HR manager jailed for exploiting payroll loophole to cheat employer of almost S$400,000

Source: TODAY
Article Date: 23 Dec 2020
Author: Louisa Tang

She got away with the crimes because the identities and wages of employees had to be redacted before they reached the finance department.

For about four years, assistant human resources manager Nurafizah Mohamed Shariff’s crimes went undetected. 

She submitted duplicate claims for other employees’ salaries and got her boss to sign the cheques, cheating her company of about S$387,000. 

This was before her colleagues stumbled on a discrepancy in the accounts.

Nurafizah, 47, was on Tuesday (Dec 22) jailed three years and one month after pleading guilty to three counts of cheating.

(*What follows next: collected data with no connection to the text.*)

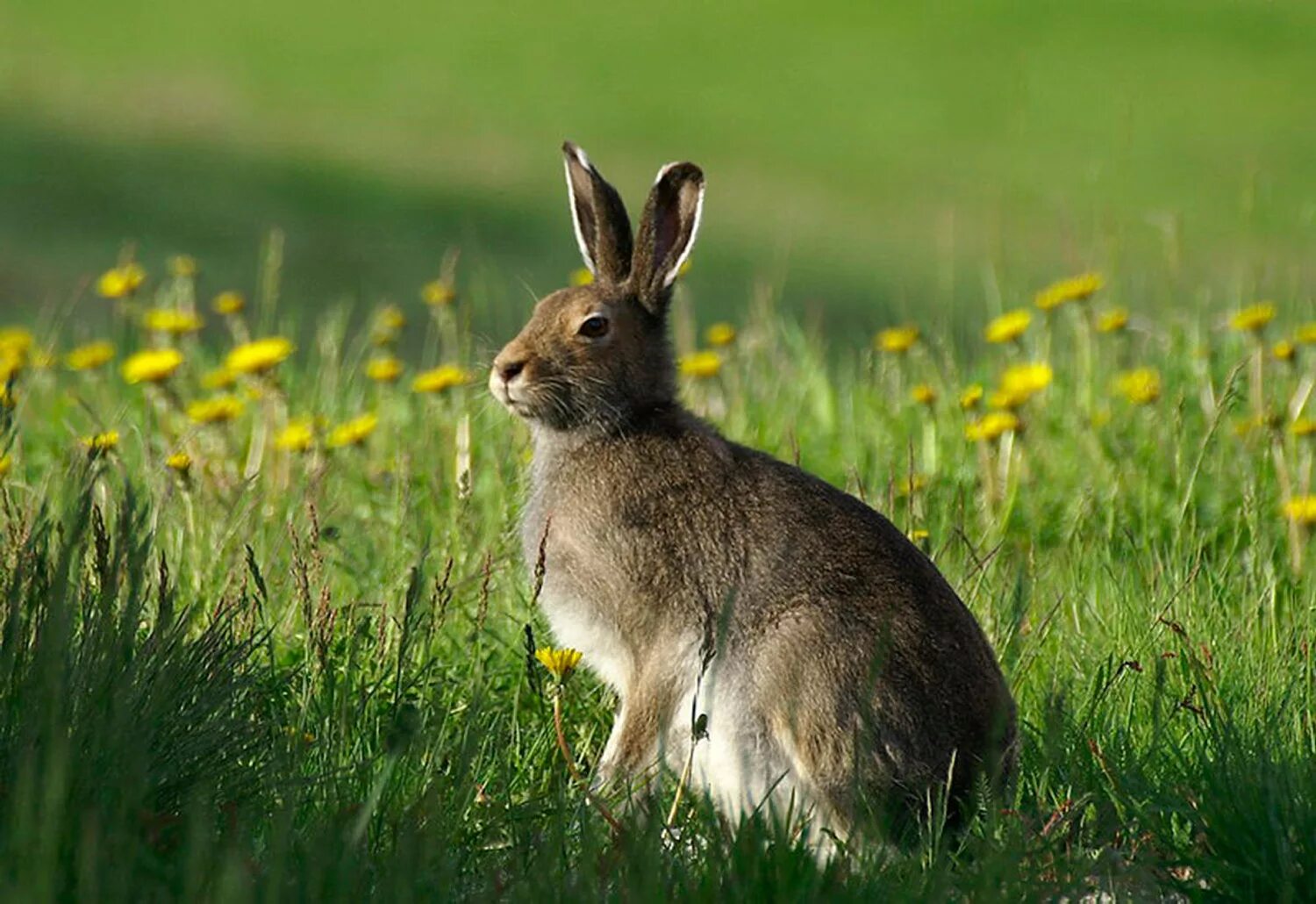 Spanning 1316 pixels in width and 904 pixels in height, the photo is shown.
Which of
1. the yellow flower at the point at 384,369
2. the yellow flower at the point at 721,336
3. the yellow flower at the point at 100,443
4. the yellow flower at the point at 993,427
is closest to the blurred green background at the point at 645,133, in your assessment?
the yellow flower at the point at 721,336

Another charge was taken into consideration during sentencing.

She has since returned S$20,000 to the firm.

She committed the crimes from 2012 to 2015, when she was an assistant HR manager at Econ Precast, a supplier of precast concrete structures and a subsidiary of Koon Holdings, a publicly listed infrastructure and civil engineering company. Econ Precast went into liquidation in July after Koon Holdings stated that there were “operating challenges”. 

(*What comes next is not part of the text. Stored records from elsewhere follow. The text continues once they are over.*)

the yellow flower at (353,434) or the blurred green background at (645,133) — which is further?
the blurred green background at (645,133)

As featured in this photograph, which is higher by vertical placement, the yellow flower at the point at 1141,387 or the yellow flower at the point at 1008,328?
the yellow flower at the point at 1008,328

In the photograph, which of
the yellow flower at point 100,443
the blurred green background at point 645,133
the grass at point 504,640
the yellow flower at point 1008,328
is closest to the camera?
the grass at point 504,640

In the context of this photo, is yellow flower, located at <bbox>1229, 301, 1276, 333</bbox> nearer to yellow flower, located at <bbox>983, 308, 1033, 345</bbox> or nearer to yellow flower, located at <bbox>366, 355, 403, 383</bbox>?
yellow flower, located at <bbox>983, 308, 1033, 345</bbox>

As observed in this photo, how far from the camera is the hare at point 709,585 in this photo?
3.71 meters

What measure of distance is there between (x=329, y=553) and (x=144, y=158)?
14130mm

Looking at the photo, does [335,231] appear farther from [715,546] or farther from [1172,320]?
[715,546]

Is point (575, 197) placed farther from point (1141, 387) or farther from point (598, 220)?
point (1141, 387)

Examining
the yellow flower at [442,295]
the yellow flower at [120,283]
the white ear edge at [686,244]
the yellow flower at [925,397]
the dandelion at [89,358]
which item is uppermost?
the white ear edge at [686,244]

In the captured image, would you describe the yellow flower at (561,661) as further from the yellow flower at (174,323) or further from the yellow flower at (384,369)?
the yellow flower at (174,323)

Part of Nurafizah’s job was to manage payroll matters for employees of Koon Holdings’ subsidiaries.

When employees resigned or had just been hired, they would receive their wages via a different process from the usual inter-bank Giro payments.

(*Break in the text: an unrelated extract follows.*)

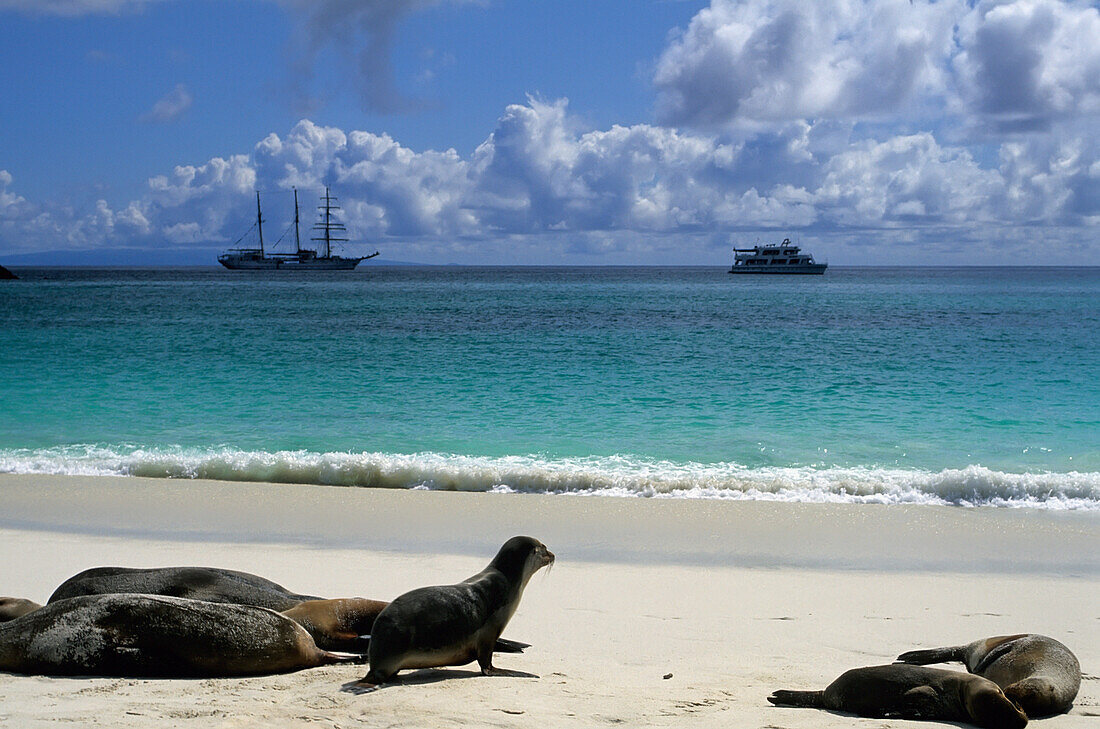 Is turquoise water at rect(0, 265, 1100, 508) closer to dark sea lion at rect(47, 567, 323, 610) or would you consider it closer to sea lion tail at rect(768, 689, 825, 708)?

An HR executive will calculate the salary an employee should get, then submit it to Nurafizah with supporting documents. She would check on the accuracy of the figure.

Nurafizah would later hand the documents — including one listing the employees’ identities and salaries due — to the finance department, which would issue the cheques.

Since only employees in the HR department were allowed to know the salaries of employees, Nurafizah redacted the employees’ identities and salaries before handing over the documents.

After the finance department issued the cheques, she took them to her boss, a group HR manager, for signing.

The records would then be updated to show that the employees’ salaries had been settled.

Their names, however, remained in the payroll system, because the system would not be updated until the next month.


Around April 2012, Nurafizah realised that she could exploit a loophole to make false, duplicate claims for her own benefit.

She would submit an extra redacted copy of the document listing employees’ identities and salaries to the finance department. Occasionally, she mixed these duplicate claims with genuine ones.

After getting the cheques signed, Nurafizah pocketed the extra cash.

She would also amend a report with information on the HR department’s salary claims for a certain month. She included the duplicate claims to ensure that there were no discrepancies between the report and what the finance department issued.

She avoided detection for about four years until staff members from the finance and HR departments were discussing an unrelated project involving wage allocation in late December 2015.

Deputy Public Prosecutor (DPP) Benedict Teong said that this led to the fortuitous discovery of a discrepancy of S$1,971 between figures provided by the finance and HR departments.

This was because Nurafizah was on leave and could not amend the report to include a duplicate claim. 


DPP Teong sought three years and three months’ jail, saying that Nurafizah had devised a method that was difficult to detect and showed an “egregious” abuse of trust.

In mitigation, her lawyer Sujesh Anandan said that she was remorseful, as shown by the reimbursement she made. 

The prosecutor argued that it was only 5 per cent of the sum that she cheated, but Mr Anandan said that it was all she could afford because of her background and circumstances.

She committed the crimes not out of greed but “desperation and fear of not being able to support her family”, Mr Anandan added. 

Right now, she works as a driver with ride-hailing firm Grab to support her parents as well as her youngest brother’s wife and children.

Mr Anandan said that she was also charged almost five years after her crimes came to light. This has taken an emotional and physical toll on her and her family, he added.

During sentencing, District Judge A Sangeetha said that Nurafizah planned her crimes for a “protracted duration” and for personal gain.

However, the judge found that she was remorseful as she had cooperated with the authorities for five years and pleaded guilty at the earliest opportunity.

She will begin serving her jail sentence on Jan 5 next year.

For each cheating charge, Nurafizah could have been jailed up to 10 years and fined.

TODAY has asked Koon Holdings for comment.